On July 1, 2015, the Central Eurasian Mission was created from the Bulgaria Sofia and Russia Novosibirsk Missions with its mission office located in Istanbul, Turkey. In April 2018, Bulgaria was added to the mission and it was renamed the Bulgaria/Central Eurasian Mission. Its offices were moved to Sofia, Bulgaria. Boundaries for this mission included Azerbaijan, Bulgaria, Tajikistan, Turkey, Turkmenistan, and Uzbekistan. At the end of April 2018, all the missionaries were removed from Turkey and assigned elsewhere.

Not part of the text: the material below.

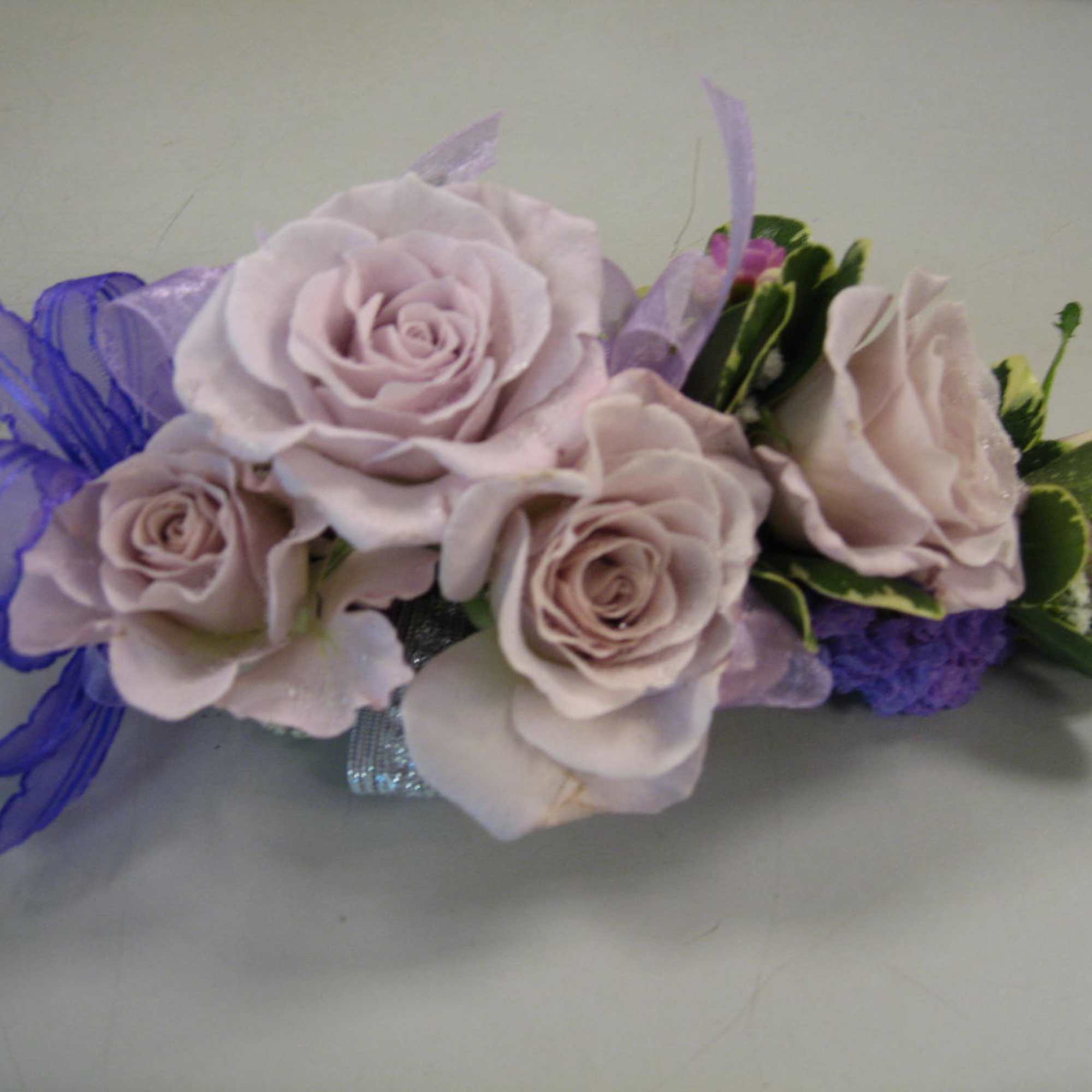 Lavender rose corsage with purple ribbon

On July 1, 2025, the Europe Central Turkic and Persian-Speaking Mission was created. This mission includes the countries of Azerbaijan, Tajikistan, Turkey, Turkmenistan, and Uzbekistan.

==Temples==
The closest temples to Turkey are the Rome Italy Temple and the Kyiv Ukraine Temple. Late Church President Russell M. Nelson has announced that temples will be built in Russia, Dubai and Hungary. Despite the closest temples being the ones above, the assigned temple for the current Istanbul Turkey District is the Bangkok Thailand Temple. The reason for this is that the Area Presidency does not think that the Kyiv Ukraine Temple is safe to take people to, and that the Turkish citizens need visas to go to the Rome Italy Temple.